After achieving success in the business field, Clinton Anderson was appointed the chairman of the New Mexico Democratic Party in 1928, and in 1933 was elected State Treasurer. He successfully ran for the U.S. House of Representatives in 1940, 1942, and 1944, and then the U.S. Senate in 1948. He served in the Senate until January 3, 1973. Clinton Anderson died in Albuquerque on November 11, 1975, at the age of eighty.
Anderson, a Democrat, was New Mexico’s sole representative to the Seventy-seventh through Seventy-ninth Congresses, serving from January 3, 1941, until his resignation on June 30, 1945. He then served as Secretary of Agriculture from June 30, 1945, until he left that post on May 10, 1948, to run for the United States Senate. He was successful in his senatorial bid and was re-elected to the Senate in 1954, 1960, and 1966, serving from January 3, 1949, to 1973. Anderson was an influential member of the Eighty-eighth through Ninety-second Congresses and was one of the most effective proponents of the space program during the 1950s and 1960s. Senator Anderson took a lead role in bringing the benefits of space exploration to the classroom.
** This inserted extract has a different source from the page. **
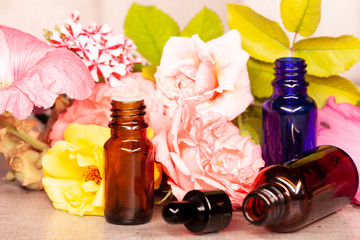 rose flowers and bottles of essential oils for aromatherapy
Clinton Anderson’s career as a Senator was highlighted by his position as a champion of the space program. He was instrumental in funding NASA while leading the Senate Committee on Aeronautical and Space Sciences from 1963 to 1973. As chair of the committee during America’s most active period of space exploration, and the climax of the “Space Race” with the Soviet Union, Anderson held a key policy-making role in Washington and was one of NASA’s greatest advocates.